HANGZHOU, China // The US and Russia are challenged by “gaps of trust” but have not given up on negotiations to stem the bloodshed in Syria, Barack Obama said on Monday.

Significant sticking points remain in over a creation of an unlikely US-Russian military partnership focusing firepower on “common enemies” in Syria, the US president said.

He acknowledged that a flurry of diplomacy at an economic summit and a 90-minute meeting with Russian president, Vladimir Putin, earlier on Monday did not yield a breakthrough.

“Given the gaps of trust that exist, that’s a tough negotiation,” Mr Obama said at the end of the Group of 20 summit. “We haven’t yet closed the gaps.”

Mr Obama did not detail the trouble spots, although he suggested the US has concerns about Russia holding up its end of the bargain and enforcing the terms.

Any deal would depend on Moscow using its influence with Syrian president Bashar Al Assad to persuade him to ground planes and stop the assault on opposition forces.

Mr Obama said the aim was to reach “meaningful, serious, verifiable cessations of hostilities in Syria”.

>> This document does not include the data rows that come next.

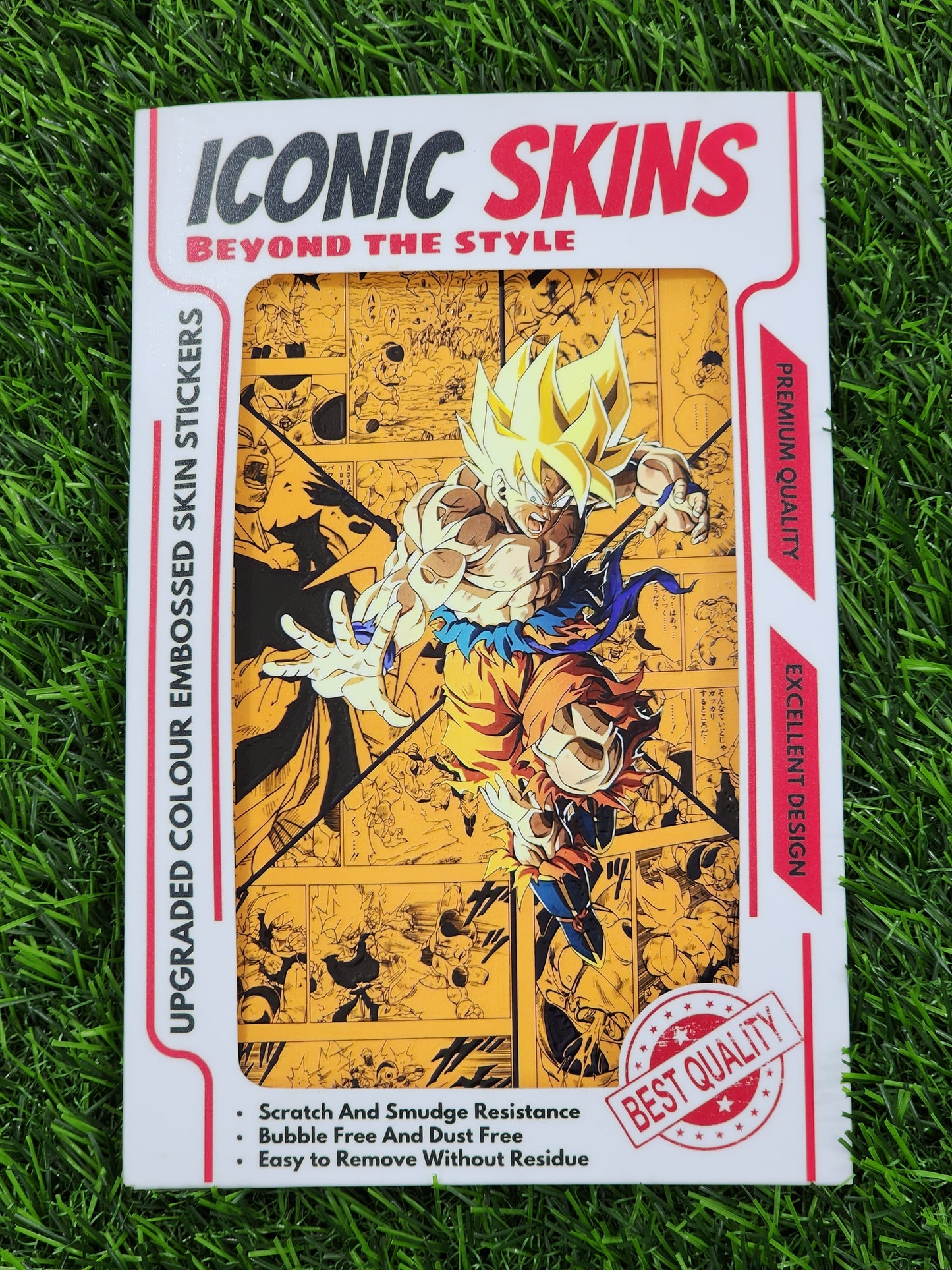 Dragon Ball-Z Goku Mobile Skin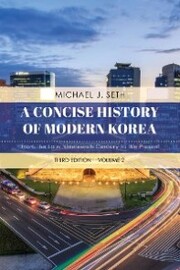 A Concise History of Modern Korea - Cover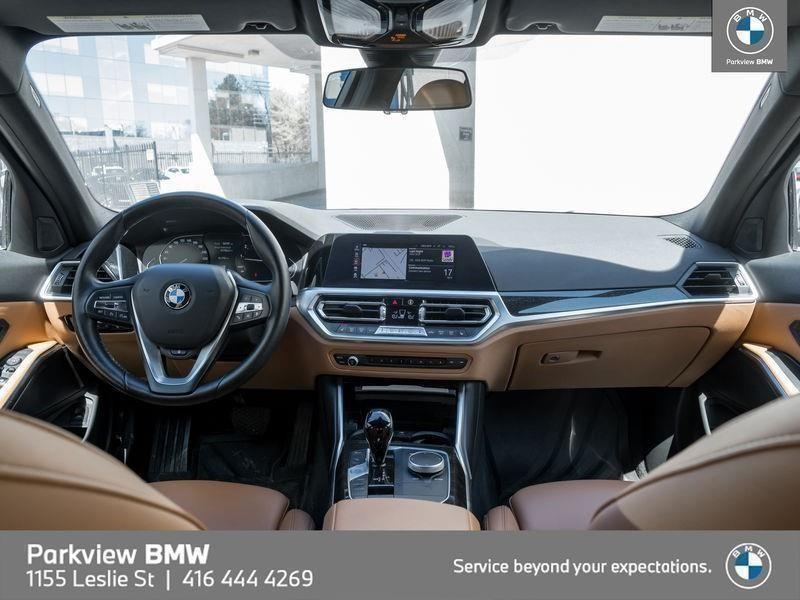 used 2022 BMW 330 car, priced at $37,422
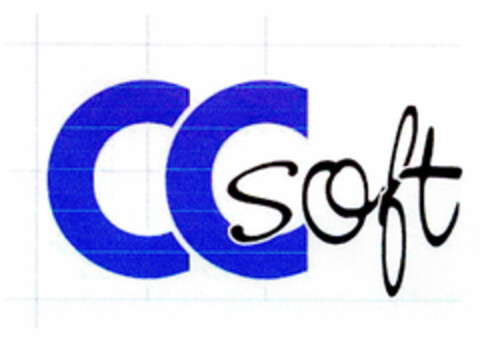 CCsoft Logo (DPMA, 13.03.2000)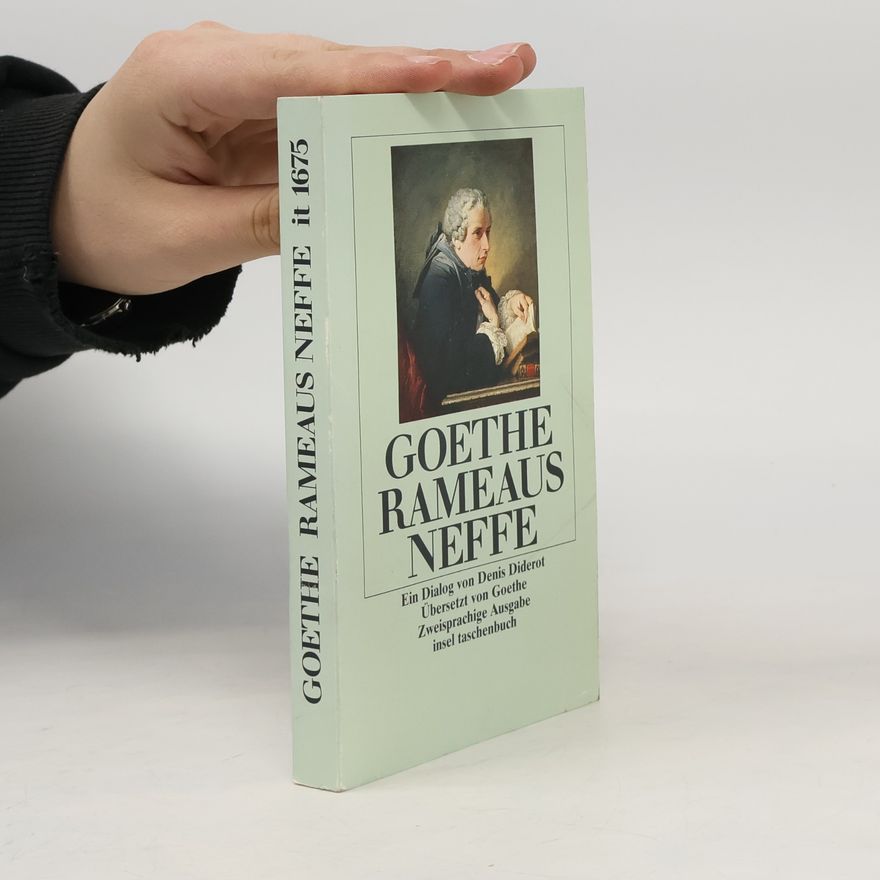 Denis Diderot Rameaus Neffe. Nachw. v. Horst Günther. Französ.-Dtsch.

Mr Putin said there had been some “alignment”, insisting the two sides could reach a deal soon.

“Despite everything, we have some alignment of positions and an understanding of what we could do to de-escalate the situation in Syria,” he said.

“I believe that we are on the right track and could, at least for some period of time, agree to carry out mutual energetic attempts to make the situation in Syria more healthy,” he said.

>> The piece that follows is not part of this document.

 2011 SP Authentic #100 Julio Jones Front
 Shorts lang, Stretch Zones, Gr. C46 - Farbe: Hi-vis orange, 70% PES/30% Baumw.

“Our mutual work with the US in fighting terrorist organisations, including in Syria, will be significantly improved and intensified.”

The US secretary of state John Kerry and Russian foreign minister Sergey Lavrov have for weeks been trying to broker a deal to curb the violence between the Assad’s government forces, which are allied with Russia, and moderate rebels backed by the US.

The deal depends on the two sides agreeing to closer militarily coordination against extremist groups operating in Syria, something the Russians have long sought and the US resisted.

Mr Obama has expressed scepticism that Russia would hold to its agreement. The state department wants a nationwide ceasefire between Mr Al Assad’s military and the rebels, rather than another time-limited agreement like ones that failed before.

Mr Obama’s meeting with Mr Putin came as the Russian leader is playing a prominent role in the US presidential campaign. American officials blame Russian intelligence for a hack on the Democratic National Committee that resulted in a leak of emails damaging to its presidential nominee, Hillary Clinton. Mr Putin has denied his government was involved, but cheered the release of the information.

The US president said he expressed concerns about cybersecurity issues with Mr Putin.

Mr Obama and Mr Putin also discussed the conflict in Ukraine, where Russian-backed separatists have been fighting the government, and the implementation of the agreement to stop the violence.

The difficult diplomacy on Syria set the tone for an uneven few days for Mr Obama on his last tour through Asia as president.

His visit started on a high note, with the US and China consummating their unlikely partnership on climate change by announcing they were both entering the global emissions-cutting deal reached last year in Paris.

But the focus on climate quickly gave way to the failed Syria talks.

A sit-down between Mr Obama and Turkish president Recep Tayyip Erdogan also laid bare the two Nato allies’ diverging interests in Syria, with Mr Erdogan pointedly challenging Mr Obama on US support for Kurds fighting ISIL. The Kurds are the most effective US-backed anti-ISIL force, but the Turks consider them to be terrorists.

Mr Obama’s meeting with Chinese president Xi Jinping also veered into delicate territory, with Mr Obama pressing Mr Xi to abide by an international tribunal’s ruling against China over the South China Sea.

To the frustration of the White House, these weighty matters seemed to be overshadowed by a made-for-social-media moment from Mr Obama’s arrival at the airport.

As the president was greeted by his Chinese hosts, Mr Obama’s aides and journalists accompanying the president clashed with a Chinese official as they tried to watch the ceremony.